╭──

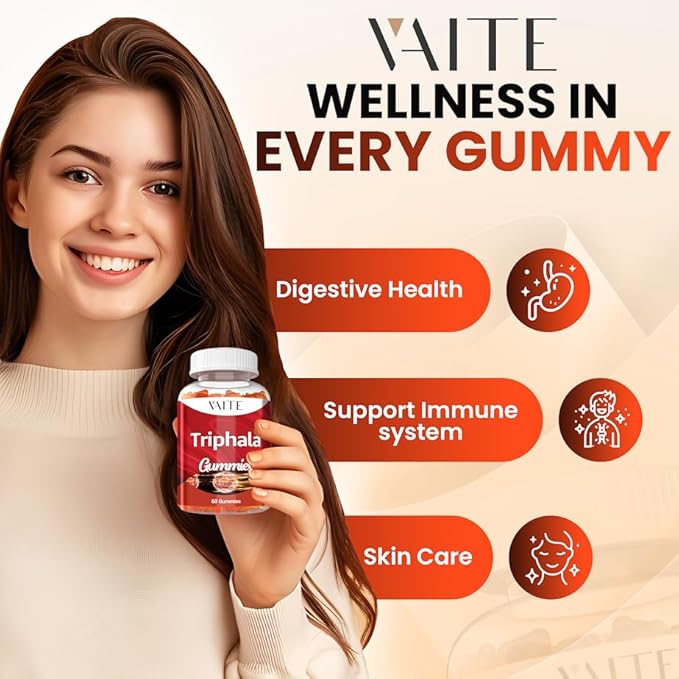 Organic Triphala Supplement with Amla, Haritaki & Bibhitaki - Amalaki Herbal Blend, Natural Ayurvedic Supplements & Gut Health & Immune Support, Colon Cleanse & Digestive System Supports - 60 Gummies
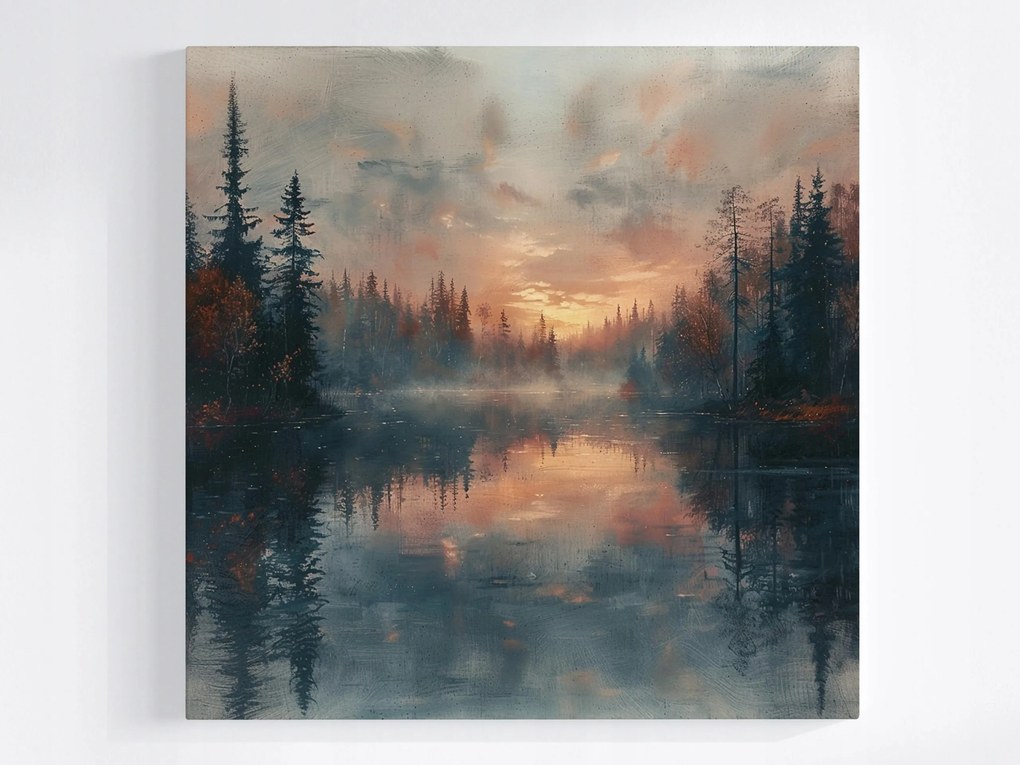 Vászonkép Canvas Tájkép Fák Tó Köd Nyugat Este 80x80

╰──
╭──

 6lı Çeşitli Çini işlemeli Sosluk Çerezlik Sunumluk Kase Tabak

╰──

» **ASSIGNMENT**
Using the listing above, reproduce word for word every line from the one containing "Organic Triphala Supplement" through the one containing "Vászonkép Canvas Tájkép". Pictures must be left out.

» **ANSWER TO THE EXERCISE**
 Organic Triphala Supplement with Amla, Haritaki & Bibhitaki - Amalaki Herbal Blend, Natural Ayurvedic Supplements & Gut Health & Immune Support, Colon Cleanse & Digestive System Supports - 60 Gummies
 Vászonkép Canvas Tájkép Fák Tó Köd Nyugat Este 80x80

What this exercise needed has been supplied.